Als de Belastingdienst vindt dat er geen voornemen tot herinvestering bestaat en dus over de vrijval van de reserve wil heffen, moet hij bewijzen dat de ondernemer geen plannen heeft om te herinvesteren. Dit heeft Advocaat-Generaal Niessen aangegeven in zijn advies over een zaak.
Met de herinvesteringsreserve (HIR) kan een organisatie de opbrengst van de verkoop van een bedrijfsmiddel gebruiken voor de investering in een ander bedrijfsmiddel. De organisatie kan zo onder voorwaarden (tool) de belastingheffing over de behaalde boekwinst uitstellen bij de verkoop van het bedrijfsmiddel (tool). Eén van die voorwaarden is dat er op balansdatum een voornemen tot herinvesteren moet zijn. Daar ging het in onderstaande zaak over.
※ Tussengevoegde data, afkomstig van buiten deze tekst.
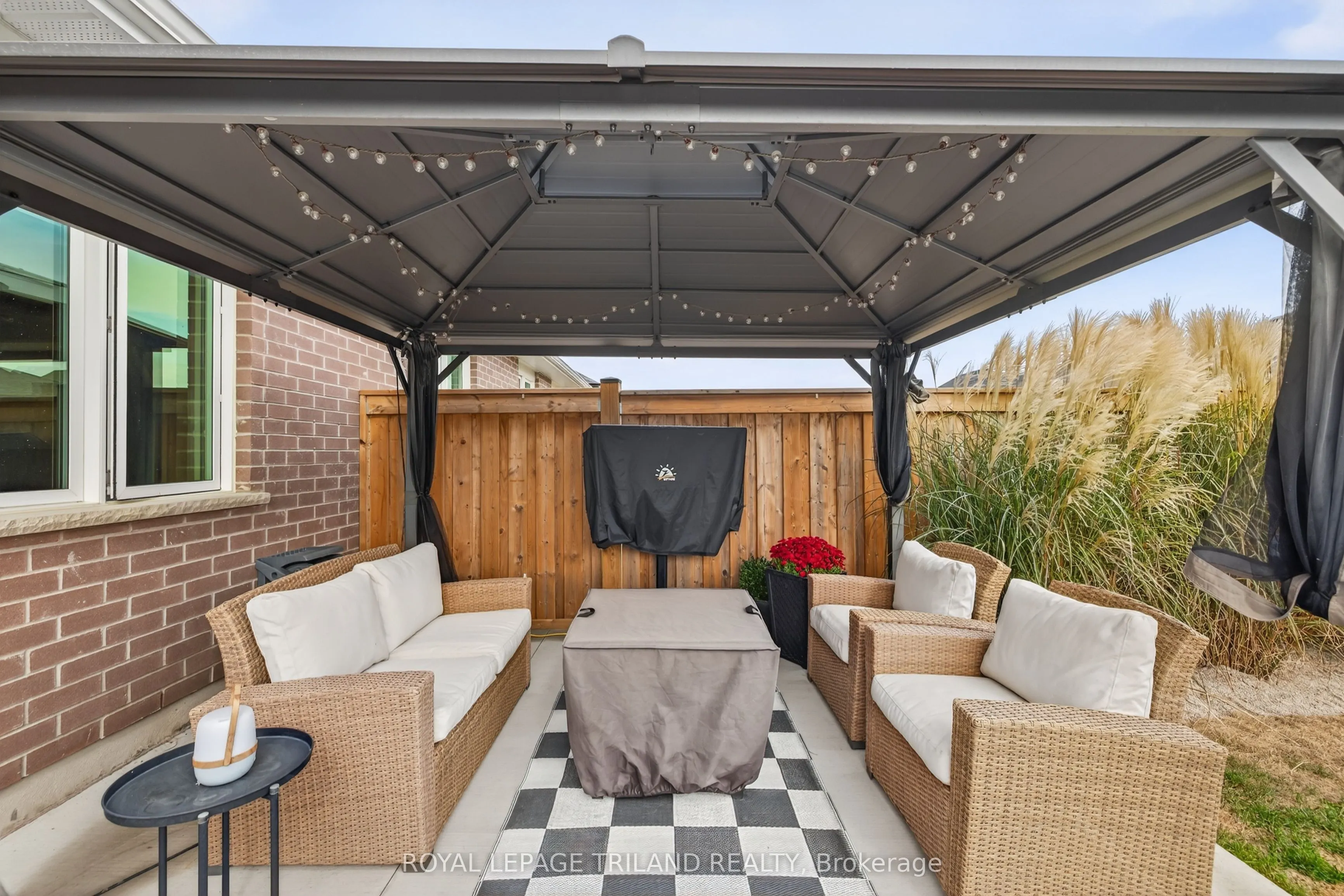 61 Ashberry Place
In deze zaak ging het om een echtpaar dat naar Duitsland was geëmigreerd. Bij onze oosterburen gingen zij verder met hun melkveehouderij, die zij ook in Nederland hadden. Zij vormden een HIR voor de verkoopwinst. De inspecteur vond dat deze HIR moest vrijvallen door de emigratie van het echtpaar. Ook gaf hij aan dat er geen herinvesteringsvoornemen was. De Advocaat-Generaal concludeert dat de HIR geen vermogensbestanddeel is. Hierdoor kan de Belastingdienst er niet over heffen bij emigratie van het echtpaar. Ook is het volgens hem aan de fiscus om te bewijzen dat er geen herinvesteringsvoornemen bestaat bij het geëmigreerde stel. Aan deze bewijslast heeft de inspecteur niet voldaan, daarom moet het cassatieberoep volgens Niessen ongegrond volgens worden verklaard.